Stored dataset items
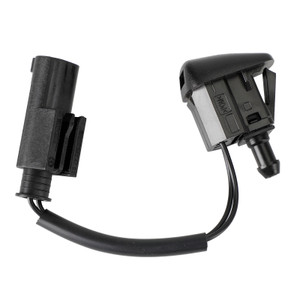 Windshield Wiper Nozzle Spray Jet for BMW 5 Series E60 E61 61667046060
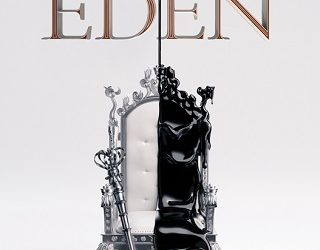 dividing eden joelle charbonneau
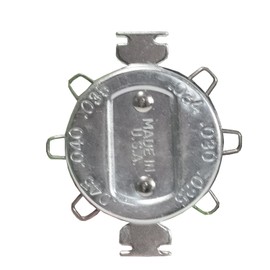 Maxpower 334099 Spark Plug Gap Gauge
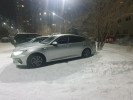Kia K5 2019 года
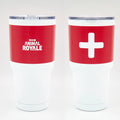Super Animal Royale Merch 2026 Health Juice Tumbler Best Gifts For Video Game Lovers - Merchluma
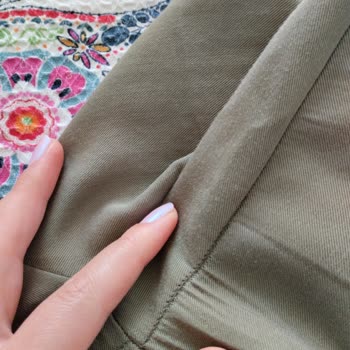 Koton'un Kalitesiz Ürünleri Satması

| WHAT YOU WILL DO |
Your reply should consist only of the lines running from the line with "dividing eden joelle charbonneau" to the end of the entries, both included, copied exactly and without any pictures.

| RESULT OF THE TASK |
 dividing eden joelle charbonneau
 Maxpower 334099 Spark Plug Gap Gauge
Kia K5 2019 года
Super Animal Royale Merch 2026 Health Juice Tumbler Best Gifts For Video Game Lovers - Merchluma
 Koton'un Kalitesiz Ürünleri Satması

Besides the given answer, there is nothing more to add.